Pernyataan keblinger Kepala Badan Siber dan Sandi Negara Djoko Setiadi tentang hoax sungguh mengkhawatirkan. Pernyataan tersebut menandakan pucuk pimpinan lembaga yang menangani keamanan cyber negara itu tidak paham definisi hoax yang kini kian marak berseliweran di dunia maya.
Komentar sekenanya yang disampaikan Djoko kepada jurnalis setelah dilantik di Istana Negara, Jakarta, Rabu lalu itu juga menunjukkan bahwa dia sama sekali tidak memahami bahaya peredaran informasi bohong di tengah masyarakat. Dengan mengatakan, "Tentu hoax ini ada yang positif dan negatif. Kalau hoax membangun, ya, silakan saja," Djoko tampaknya tak bisa membedakan antara hoax dan kritik. Hoax, yang identik dengan informasi sesat, tentu tak mungkin membangun apa pun selain kebingungan dan kesimpangsiuran.
Pemahaman compang-camping Djoko itu membuat kita ragu apakah dia mampu memimpin Badan Siber, yang dibentuk Presiden Joko Widodo dengan Peraturan Presiden Nomor 133 Tahun 2017 tentang Perubahan atas Perpres No. 53 Tahun 2017 tentang Badan Siber dan Sandi Negara. Apalagi tugas badan yang dibentuk dari peleburan Lembaga Sandi Negara dan Direktorat Keamanan Informatika di Kementerian Komunikasi dan Informatika ini bukan main-main. Ia harus menangani semua urusan keamanan dunia cyber di Indonesia, dari pencegahan hingga perbaikan sistem akibat serangan cyber.
Dari rincian tugas tersebut, jelas sekali bahwa penanganan konten hoax tidak termasuk dalam kewenangan Badan Siber. Lembaga ini seharusnya bekerja menangkal serangan cyber, seperti program jahat (malware) WannaCry yang menginfeksi komputer sejumlah lembaga pemerintah, perusahaan negara, dan swasta pada Mei tahun lalu. Pada hari-hari pertamanya, Djoko seharusnya berkonsentrasi mengaudit dan memperbaiki ketahanan infrastruktur Internet di Indonesia yang saat ini amat rapuh.
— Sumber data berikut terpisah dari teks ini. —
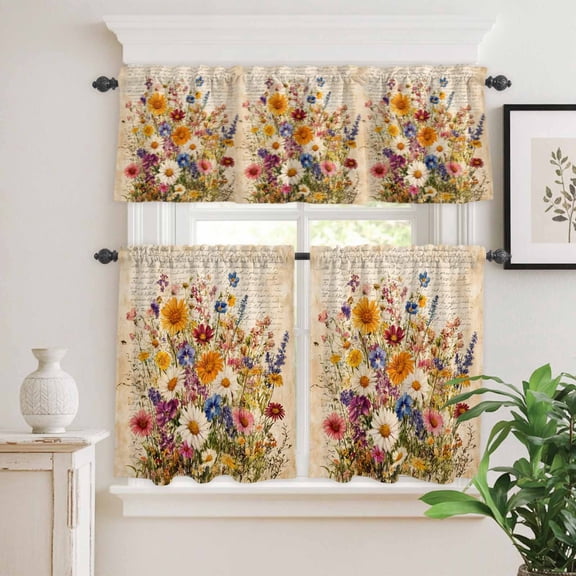 Kitchen Window Curtains Valance and Tier Set, Daisy Summer Blossom Wildflower Rod Pocket Tier Curtain Valance Set, Vintage Old Newspaper Light Filtering Cafe Curtains for Bedroom Living Room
Hoax baru menjadi wilayah Badan Siber jika ada upaya sistematis oleh individu atau sekelompok orang yang memanfaatkan teknologi digital untuk membobol akun pengguna media sosial dan menyebarkan berita bohong untuk tujuan mempengaruhi hasil pemilihan umum ataupun terorisme. Kombinasi hoax dan serangan cyber semacam itu terbukti berhasil mempengaruhi hasil referendum Brexit di Inggris dan pemilihan Presiden Amerika Serikat.
Karena itu, permintaan Djoko agar Badan Siber memiliki kewenangan menangkap pelaku teror cyber juga terkesan terburu-buru. Dia seharusnya lebih dulu mempersiapkan organisasinya untuk mendeteksi dan memetakan ancaman. Biarlah kewenangan penindakan hukum tetap menjadi wilayah polisi.
Setahun terakhir, penyebaran kabar sesat dan ujaran kebencian memang sangat merisaukan. Tapi Badan Siber seharusnya mengambil peran lebih strategis, yakni memperkuat keamanan teknologi informasi, baik di lembaga pemerintah maupun di ranah publik, secara sistematis dan menyeluruh. Sungguh disayangkan jika kesalahkaprahan Djoko membuat Badan Siber sibuk menghabiskan waktu dan anggaran sekadar untuk memantau hoax di media sosial.